Utilization rates as low as 20 percent – the unfortunate reality
Even today, it’s common for machine tool spindles in job shops to have utilization rates of around only 20 percent. What’s worse is that most of these businesses are operating under the assumption that their rates are much higher: somewhere between 60 to even 70 percent.
The harsh reality usually hits when we’re taken on a walk around their factory floor. As soon as we start to discuss the pitfalls of low utilization rates, the customer takes a step back. This is when they realize that all of these problems are what they consider “business as usual”. Then, they usually admit they didn’t think they needed automation because they don’t have high volume production. Unfortunately, this is a belief that runs deep within the metal cutting industries – it’s truly the status quo.
Amazingly however, despite having such low utilization rates, these job shops are still able to create profit and cover the salaries of their employees. The real question then becomes: how can these businesses remain profitable globally even though they’re operating so inefficiently?
The growing complexity of manufacturing can only be met by increasing the level of automation and digitalization
Companies that have taken control through automation
On the flip side you have the job shops that have taken control of their efficiency. They have achieved utilization rates of over 95 percent. What’s remarkable is that many of these companies are producing in increasingly challenging environments. This means short customer contracts, small volumes and introducing new products almost daily. Despite all this, they are still able to achieve high utilization rates.
It’s no surprise that as a consequence these businesses are real cash cows. They have the ability produce with ¼ of the machine tools, as well as higher quality, and efficiency when compared to other job shops in the manufacturing industry. Moreover, the ratio is even greater than ¼ when it comes to employee utilization. In total, these succeeding companies are 5-10 times better than the average competitor.
In the best cases, these companies have reshaped their business philosophies trying to find contracts that competitors simply don’t want. Not for a fair price at least. What enables this is the confidence in their ability to deliver, reel in great profits, and competitive edge.

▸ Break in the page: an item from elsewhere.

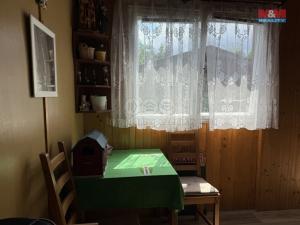 Prodej zahrady, Krnov, 276 m2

Quadrupling production capacity through flexible automation solutions
We’re all aware of the current trends like industry 4.0, IIoT and so on. While there’s no denying that most goals set beneath these umbrella categories are substantial, under no circumstances do they create significant improvement if the foundations of a company’s production methods are not in sufficient condition. In fact, while solutions related to IIoT and Industry 4.0 usually seem easy to accomplish, their actual benefits are marginal and max out at around 10% growth. In other words, they’re low hanging fruit that create little value.
The truth is, only when trends like these are paired with an efficient and flexible environment can we realize their full potential. Luckily, doing so is just as easy as implementing them alone, but reels in significantly more value. In fact, at best, flexible automation solutions can increase the utilization rates of job shop machine tools up to 80 percent. In world-class customer cases, this can even go up to 95.
So, instead of focusing on the insignificant details, why wouldn’t a company choose intelligent automation and in turn immediately triple or even quadruple production capacity?